WHAT YOU ARE ASKED TO DO -
Copy out exactly the lines from the one containing "this 640×480 image." to the last line of the records below, both included, and leave out any pictures.

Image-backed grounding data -
⁂

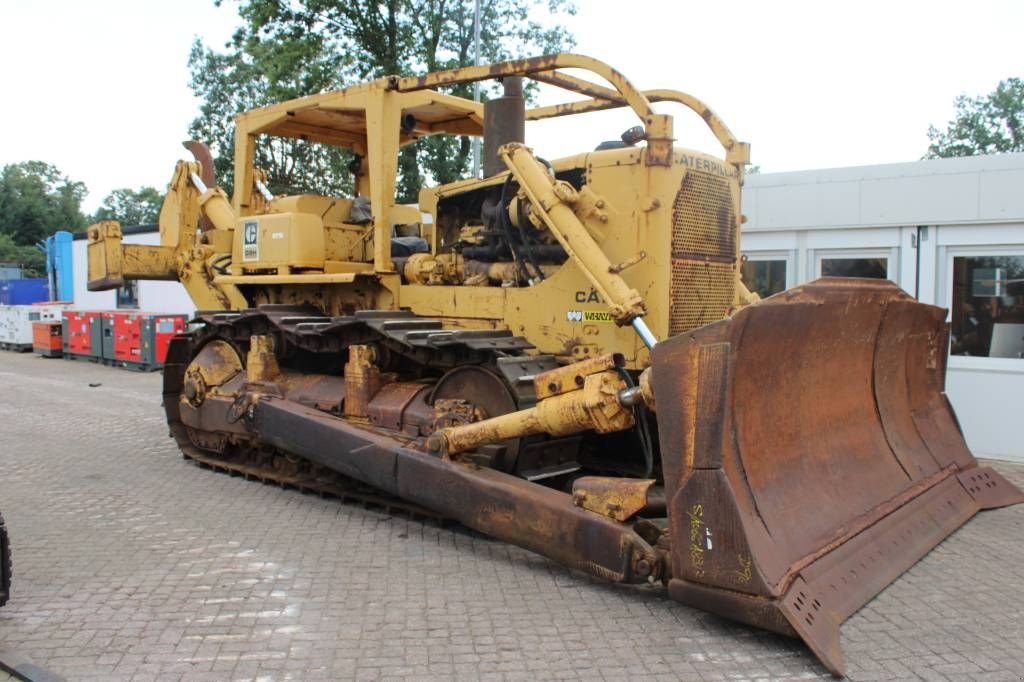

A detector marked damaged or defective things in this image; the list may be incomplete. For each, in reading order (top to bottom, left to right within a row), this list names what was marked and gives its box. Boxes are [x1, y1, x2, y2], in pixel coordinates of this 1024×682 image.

rusty blade [652, 276, 1024, 676]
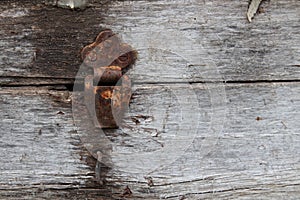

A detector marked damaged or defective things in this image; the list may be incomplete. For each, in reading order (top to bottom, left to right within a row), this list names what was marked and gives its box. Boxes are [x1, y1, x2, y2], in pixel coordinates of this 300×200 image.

rusty metal hinge [81, 30, 137, 129]
corroded iron fastener [82, 30, 138, 129]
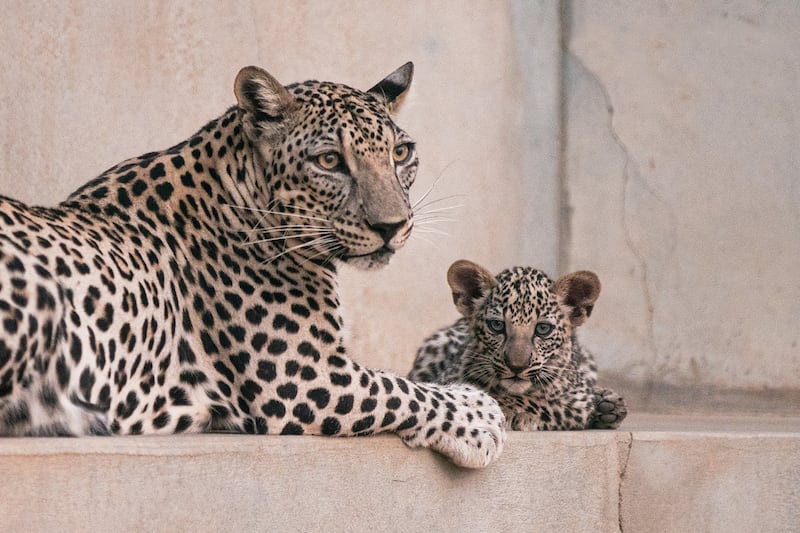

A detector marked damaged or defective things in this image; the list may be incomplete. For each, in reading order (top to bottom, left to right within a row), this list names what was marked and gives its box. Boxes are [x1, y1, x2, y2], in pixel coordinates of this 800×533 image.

cracked wall [564, 2, 800, 392]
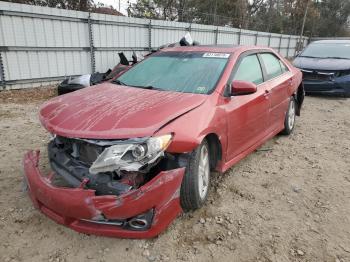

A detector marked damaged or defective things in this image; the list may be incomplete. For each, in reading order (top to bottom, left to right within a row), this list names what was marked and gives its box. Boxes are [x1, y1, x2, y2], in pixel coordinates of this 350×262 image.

crushed front bumper [22, 150, 185, 238]
dented hood [39, 83, 206, 139]
cracked headlight [89, 134, 173, 175]
damaged red sedan [23, 46, 304, 238]
another wrecked car [23, 46, 304, 238]
another wrecked car [292, 40, 350, 97]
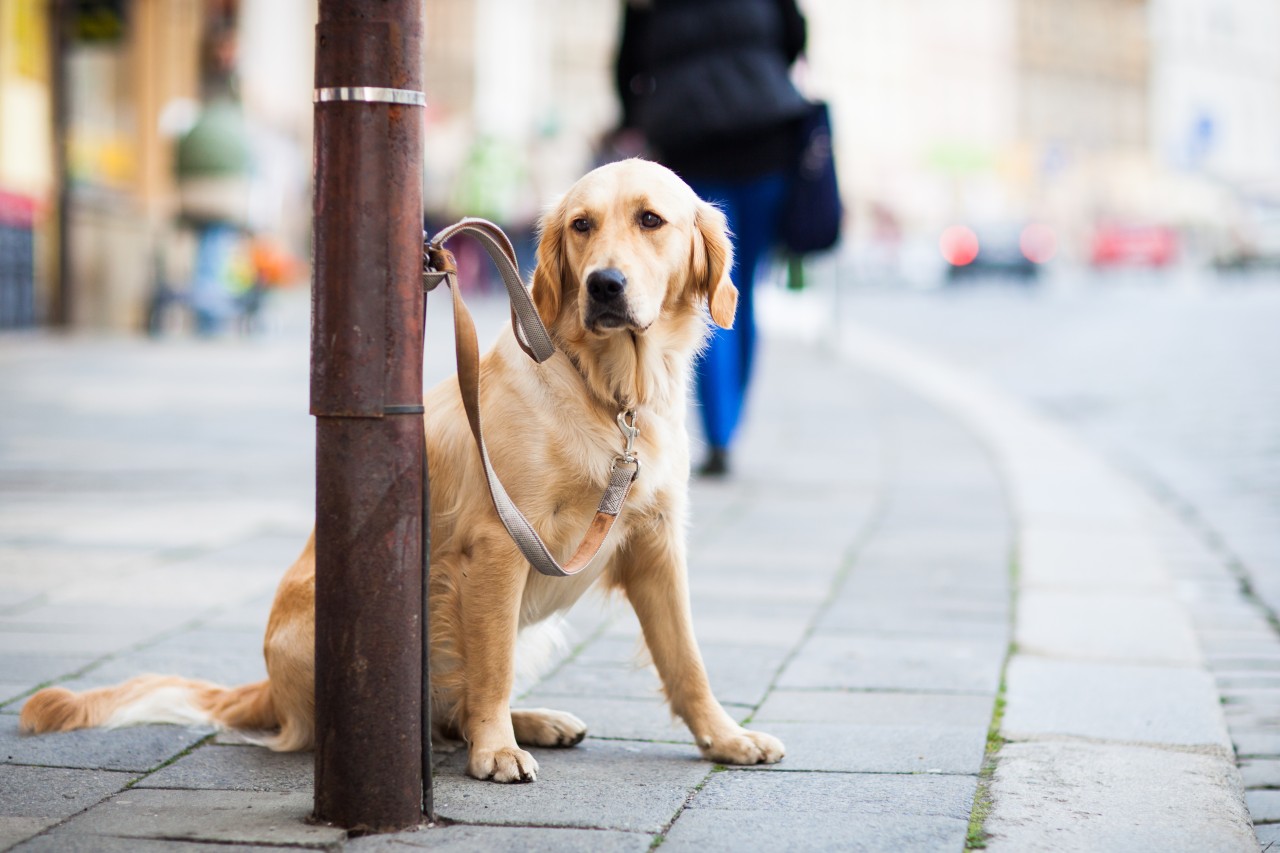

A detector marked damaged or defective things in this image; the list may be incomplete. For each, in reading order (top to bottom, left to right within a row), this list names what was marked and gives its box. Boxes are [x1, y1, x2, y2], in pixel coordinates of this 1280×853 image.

rusty metal pole [313, 0, 430, 824]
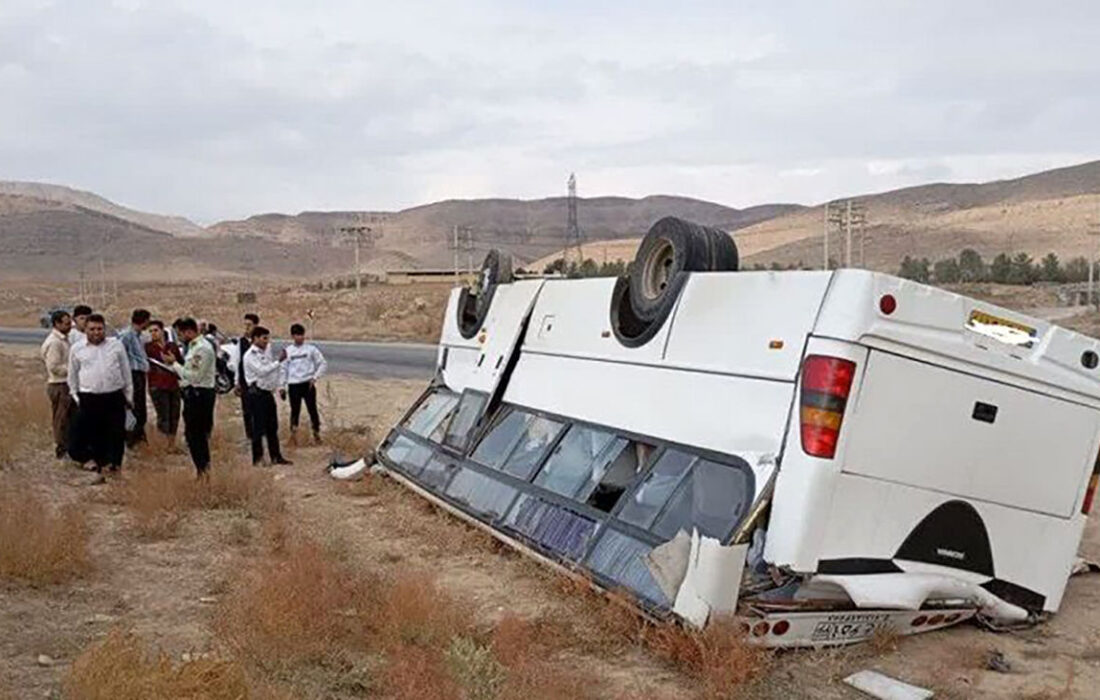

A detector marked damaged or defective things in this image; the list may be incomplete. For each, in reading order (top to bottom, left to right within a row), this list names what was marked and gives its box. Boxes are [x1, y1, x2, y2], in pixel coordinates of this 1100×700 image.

exposed bus tire [612, 274, 680, 348]
exposed bus tire [628, 217, 740, 322]
overturned white bus [374, 217, 1100, 644]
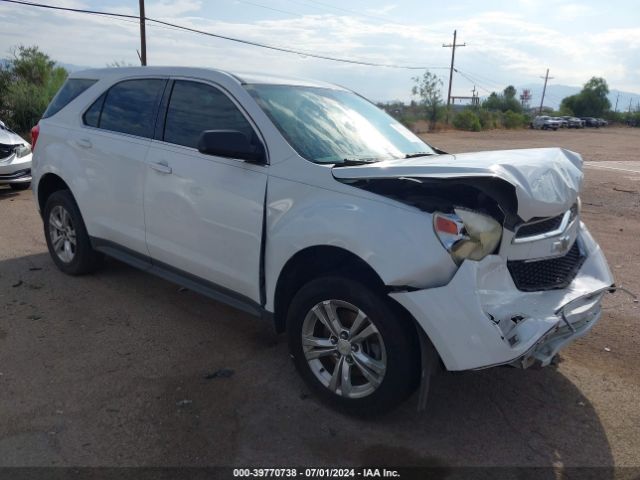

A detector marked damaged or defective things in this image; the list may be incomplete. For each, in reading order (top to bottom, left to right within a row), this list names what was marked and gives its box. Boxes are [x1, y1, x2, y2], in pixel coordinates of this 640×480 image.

crumpled hood [332, 147, 584, 220]
broken headlight [432, 208, 502, 264]
damaged front bumper [390, 224, 616, 372]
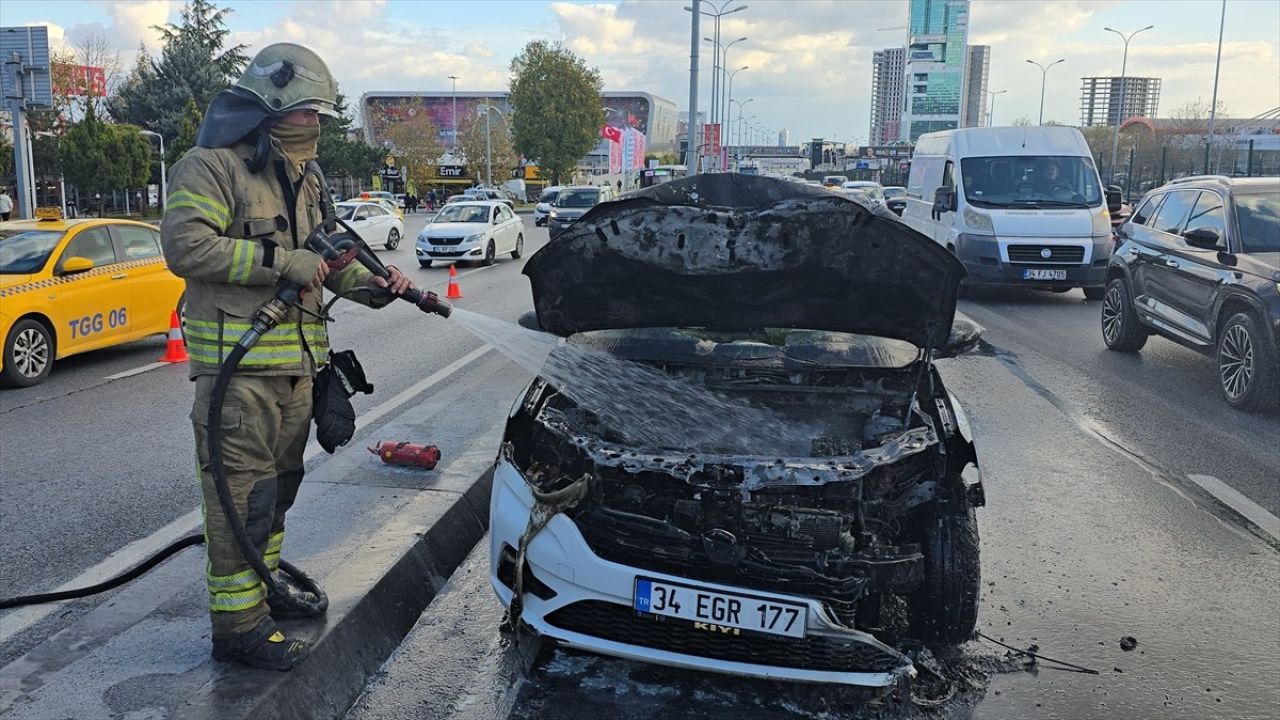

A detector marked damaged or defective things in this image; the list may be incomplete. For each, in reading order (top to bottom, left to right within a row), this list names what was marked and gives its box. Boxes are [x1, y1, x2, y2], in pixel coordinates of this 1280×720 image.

⁂

SOLUTION FOR THIS PROBLEM -
A detector marked damaged or defective things in this image; the list may be incomplete. For each, in reading order (top to bottom, left to right within a row), this list names what was marked and gives its box. Boxes are [x1, y1, x2, y2], in pixel coordinates of this 640×480 image.

crumpled hood [332, 147, 584, 220]
broken headlight [432, 208, 502, 264]
damaged front bumper [390, 224, 616, 372]

A detector marked damaged or defective things in this image; the list may be incomplete. For each, in reading order (top to bottom, left to right within a row), this list names what was marked and gives its box. Boxes are [x1, y1, x2, y2], in pixel coordinates of this 1280×720 image.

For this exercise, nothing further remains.